The UK will press for consular access to Hong Kong activist Jimmy Lai as Western governments are closely scrutinizing the high-profile national security trial of the former media mogul.
“We have absolutely done everything, and we continue to ask for consular access for Jimmy Lai,” Anne-Marie Trevelyan, UK Minister of State for the Indo-Pacific, said in a parliamentary debate on Monday over Lai’s trial in the city. “We are very comfortable and certain that he is indeed a British citizen.”
Lai, who published the pro-democracy newspaper Apple Daily, faces life in prison if convicted on national security charges.

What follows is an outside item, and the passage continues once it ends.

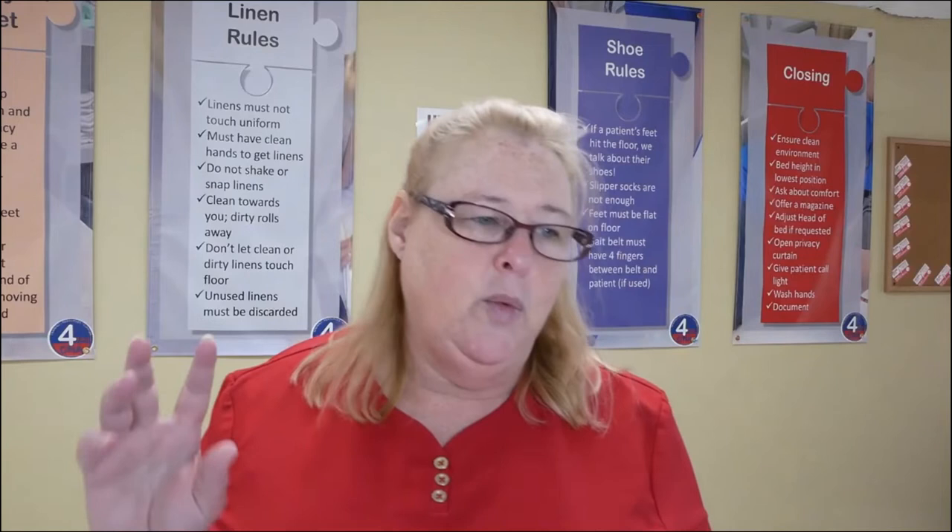The hardest part, honestly, is getting on the floor to do foot care and then trying to get back up afterwards. If you want to get an extra chuck to put down so you can kneel on it, that's fine. If you want to kneel on the chuck that's already there or just kneel on the floor, there's no problem with that. Remember, your uniform is not clean once you start working, so kneeling on the floor is perfectly okay — you're not violating any infection control rules.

Western democracies have called on the Chinese authorities to release the 76-year-old, whose trial entered its second day on Tuesday amid heavy police presence. Any conviction of Lai risks further inflaming ties between China the US and the UK.

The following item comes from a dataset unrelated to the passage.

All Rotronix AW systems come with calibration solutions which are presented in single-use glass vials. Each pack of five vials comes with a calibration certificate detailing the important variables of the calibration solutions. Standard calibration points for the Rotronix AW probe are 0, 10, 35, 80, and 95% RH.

China has condemned the US and UK statements calling for his release as irresponsible. “This is politically motivated and one hundred percent double standard. China firmly rejects this,” Chinese Foreign Ministry Spokesperson Wang Wenbin said at a regular press briefing on Monday.

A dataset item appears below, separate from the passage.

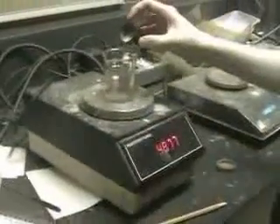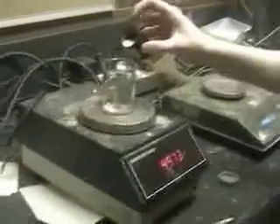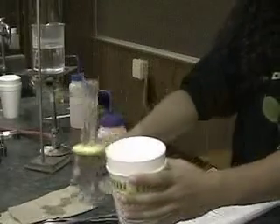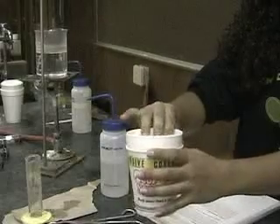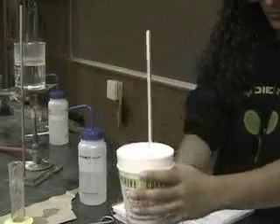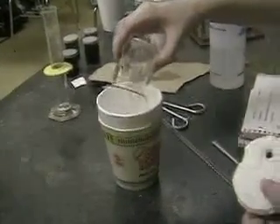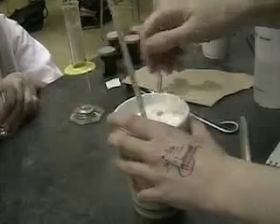To find the heat of solution, or the heat released when something dissolves, we must find the mass of the substance we're going to dissolve. We will then put it into the water and measure how much heat is absorbed by the water. Once again, we must know the mass of the water that is in the calorimeter, and we must also know its initial temperature. We then add the substance to the water. Be sure that all of the substance dissolves.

Trevelyan said Hong Kong prison authorities had repeatedly denied UK consular access to Lai. “China considers anyone of Chinese heritage born in China to be a Chinese national. It does not recognize other nationalities and therefore considers Mr Lai to be exclusively Chinese,” she said in a speech.
Lai’s son, Sebastien, last week told Bloomberg News his father only holds a British passport and hadn’t been granted consular visits.
The British consulate in Hong Kong, among others, sent a representative to observe the first two days of the trial, where Lai’s lawyers sought to dismiss a colonial-era sedition charge. Lai also faces two collusion charges under the Beijing-imposed national security law.
The three judges overseeing the case on Tuesday adjourned the trial until Friday when they are expected to deliver their decision on the sedition charge. Lai waved and blew kisses to his family in the public gallery as he left the court in West Kowloon.
Trevelyan declined to say whether the UK government would impose any sanctions on Hong Kong officials over the national security law when asked by a fellow conservative lawmaker.
“We continue to look at those under the global human rights sanctions regulations in this arena, but we do not speculate about future sanctions designations, because of course that could reduce their impact,” she said.
The US government has sanctioned several Hong Kong and Chinese officials for undermining the Asian financial hub’s autonomy and curbing the freedom of expression. Hong Kong in 2021 called one such move “insane, shameless, and despicable.”